# 2003 pathfinder 4wd shift indicator light/warning light



## threchka (Jun 19, 2008)

2003 nissan pathfinder le, battery died, changed, since then the 4wd indicator light system does not light up except at startup. The 4wd warning light is constantly on. 4wd appears to be functioning.
Thank You


----------



## MattyDK23 (Nov 30, 2007)

Whenever the 4WD diagnostic light stays on, the 4WD indicator lights will not come on. That's normal.

If the battery was low/dead for a long time, the self-diagnosis memory in the Transfer Control Unit may have been erased. If this is the case, driving around for a while should give it enough data and the 4WD light should go out.

If you have an ODBII code reader, you can check if there are any codes stored in the ECU. There is also a diagnostics mode you can go into for transfer case issues:

1. Warm up the engine. Turn it off.
2. Turn the ignition switch on and off at least twice, then turn the ignition switch to off.
3. Shift into park.
4. Turn the 4WD selector to Auto.
5. Turn the ignition switch to on. Do not start engine.
6. Is the 4WD warning lamp on? Continue if no.
7. Shift into reverse.
8. Turn the 4WD selector to 2WD, Auto, 2WD.
9. Shift into drive.
10. Turn the 4WD selector to 4H, Auto, 4H.
11. Shift into neutral.
12. Turn the 4WD selector to Auto.
13. Shift into park.
14. The 4WD indicator light will come on for 2.5 seconds, then go out.

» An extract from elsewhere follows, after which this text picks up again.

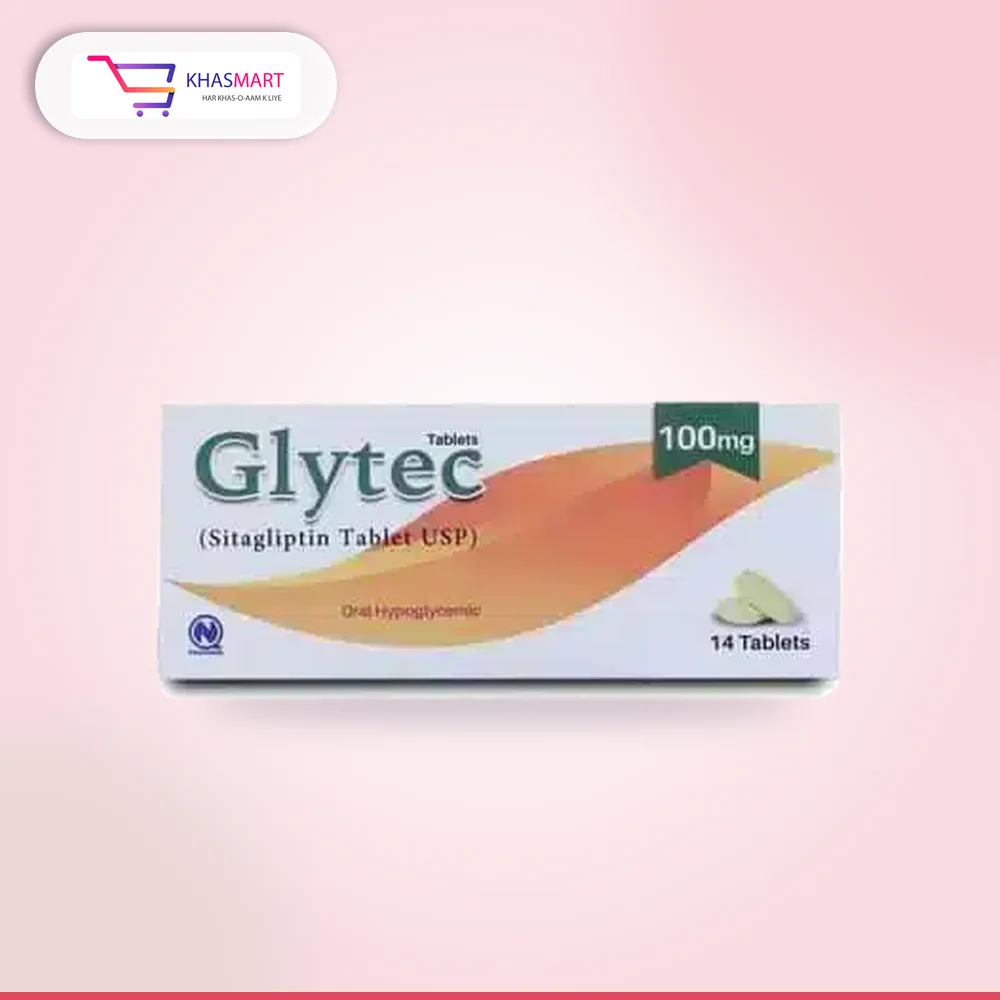 Glytec 100mg Tablet Glytec 100mg Tablet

It will then flash a series of times to represent a one or two digit code, with half-second delays within a number and 1 second delay between numbers. e.g. to represent the code 23, it will flash twice with 0.5 seconds between flashes, wait a second, then flash three times with 0.5 seconds between them. If there's a number, reply and I'll look up the code for you.

If the light just flickers with 0.25 second delays, the memory is the problem and just driving around should fix it.

If there's no light on, either you did it wrong or the one of the PNP (park/neutral position) or 4WD switch circuit is open.


----------



## threchka (Jun 19, 2008)

flashes a 4 digit sequence, 6, 17, 22, 23. 4wd system lights are on, 4wd warning light not on now.
check engine light on now, is there a way to read without code reader?
thanks for your time, i appreciate it.


----------



## MattyDK23 (Nov 30, 2007)

If the SES light is on now, I'd pull the codes, since it might give an insight into what's happening. That said, if the 4WD light is off now, things may be OK and the SES light might go off after starting the Pathy a few more times.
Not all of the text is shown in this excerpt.